Recorded information:
========================================================================

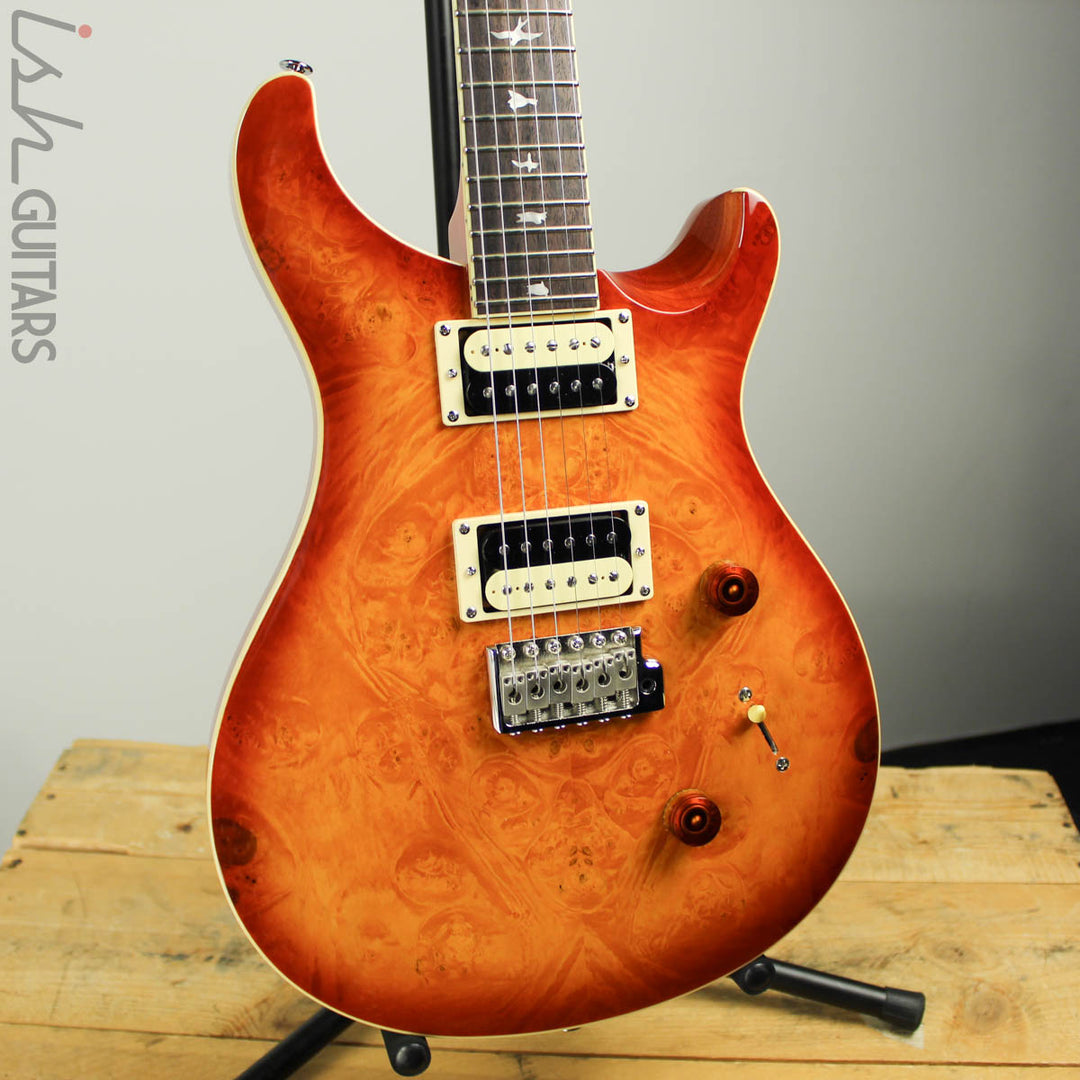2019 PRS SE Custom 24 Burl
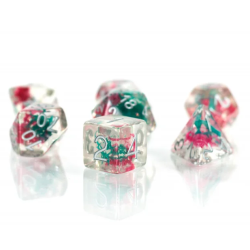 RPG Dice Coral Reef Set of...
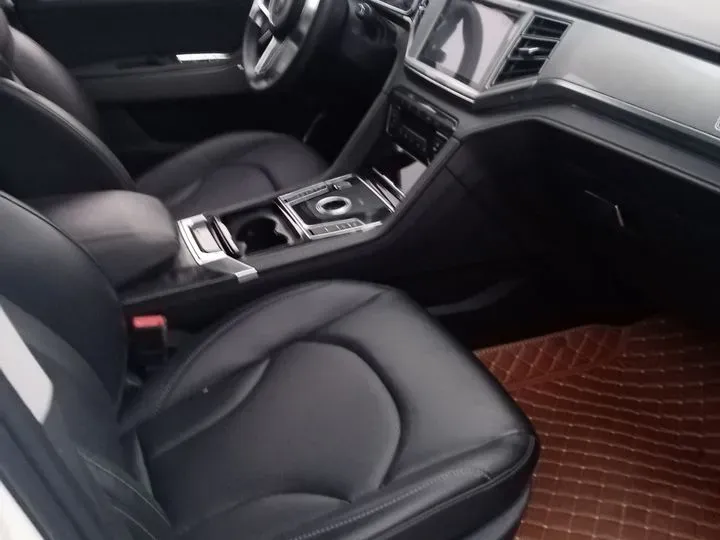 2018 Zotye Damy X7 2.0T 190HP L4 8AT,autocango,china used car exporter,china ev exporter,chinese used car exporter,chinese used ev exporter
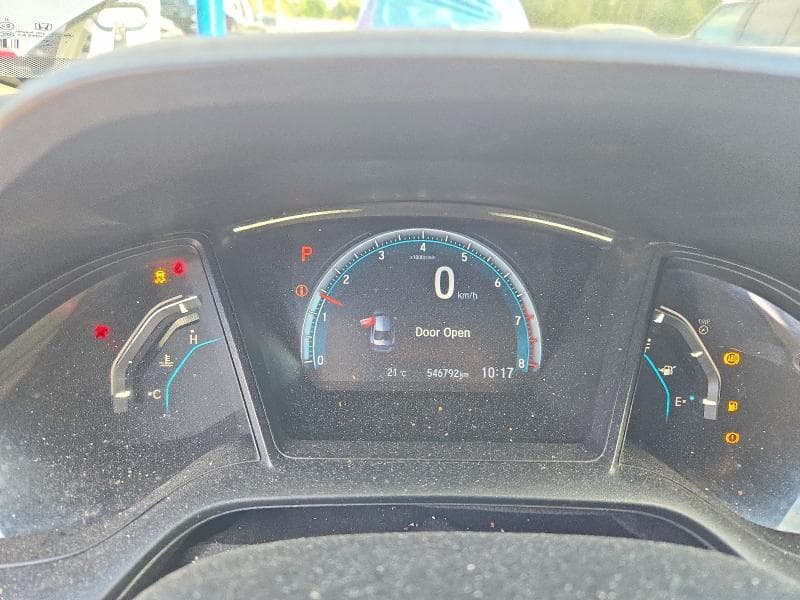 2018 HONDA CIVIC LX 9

========================================================================

Exercise instructions: From the line that contains "RPG Dice Coral Reef Set of..." to the end of the material above, output every line exactly, both ends included, but leave out any pictures.

Reply to the exercise:
 RPG Dice Coral Reef Set of...
 2018 Zotye Damy X7 2.0T 190HP L4 8AT,autocango,china used car exporter,china ev exporter,chinese used car exporter,chinese used ev exporter
 2018 HONDA CIVIC LX 9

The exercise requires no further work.